Some acronyms are more recognizable than others. Some acronyms are unrecognizable even when spelled out. Since I represent an MFO and I am asked quite often, let’s address this question once and for all: “By the way, what the hell are Multi-Family Offices?”
Let’s start with this:
Multi-Family Offices or MFOs are advisory firms that manage the wealth and resources of several families by investing across various asset classes.
It’s easier to distinguish an MFO by comparing with and contrasting against more common financial institutions, listed below.
- Banks— As the most ubiquitous financial institution, banks are the primary channel for savings. Retail banks solicit deposits from individuals while commercial banks focus on companies. In turn, these banks use the capital to deploy debt products, including personal and business loans. A private bank is a form of retail bank that caters exclusively to high net worth individuals. An MFO is similar to a private bank in the sense that it manages the wealth of several families who are looking for alternative investments with higher average returns.
- Financing Companies — One of the defining characteristics of a bank is its fiduciary responsibility to its depositors. In other words, banks are heavily regulated to protect depositors from losing their money. As a result, most banks are unable to provide credit to younger and smaller businesses that are inherently riskier. Financing companies fill this void in the financial ecosystem by focusing on loans to SMEs. Financing companies are usually established by entrepreneurs and take very little capital from other investors. Rather, they grow by borrowing money from banks and earn money from the margin between lower cost financing and the higher interest rates they charge to riskier companies. SME loans is just one among many categories of asset classes that MFOs invest in.
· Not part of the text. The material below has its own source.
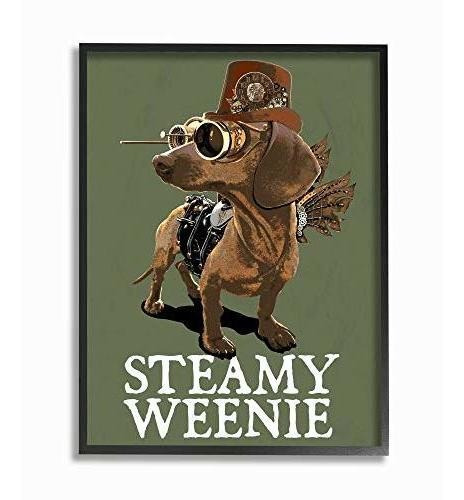Stupell Industries Steamy Weenie Funny Steam Punk Dog Pet, D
- Funds — For individuals and corporates that seek higher returns on their capital but want to only make passive investments rather than directly invest in businesses or start their own financing companies, funds are a good alternative. There are various funds that focus on different strategies, including mutual funds, private equity, and venture capital, which invest in listed securities, mid-sized private corporations, and tech startups, respectively. MFOs would normally look at these asset classes as well, opportunistically or actively depending on the background of the professionals managers. Another fund category that is comparable to an MFO based on a multiple asset class strategy is a hedge fund. Similar to an MFO, hedge funds may also decide to invest in all of the above plus real estate, commodities and foreign exchange. The big difference is that hedge funds actively leverage their portfolios by taking on debt to take advantage of short term opportunities such as event-driven and technical trading. In contrast, MFOs are normally more prudent investors and put more emphasis on wealth retention than return outperformance.
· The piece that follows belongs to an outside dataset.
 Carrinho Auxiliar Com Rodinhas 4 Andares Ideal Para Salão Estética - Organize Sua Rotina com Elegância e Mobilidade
In a November 2016 report by Crowdout, they indicate that MFOs account for $1.6 trillion of investible capital globally while another $2.4 trillion is accounted for by single family offices. The growth in MFOs may be attributed to the low interest rate environment globally, pushing investors to look for alternative investments. Meanwhile, there is a perception that hedge funds and other private funds take on too much risk because of the industry-standard compensation structure. Hence, family offices are quickly becoming a preferred investment vehicle because of the focus on wealth retention. As a single family office grows and builds a track record of successful investments, they extend their services to other families to become an MFO. Subsequently, the MFO can pursue new strategies and diversify into more asset classes.

In general, MFOs are more low profile than banks, financing companies or funds. They are not as active in sourcing for new investors or families to advise. Yet, they play an important role in a financial ecosystem by allowing families with successful businesses to pool their excess funds and re-invest into other segments of the economy. It’s clearly time that more families look into MFOs, IMHO.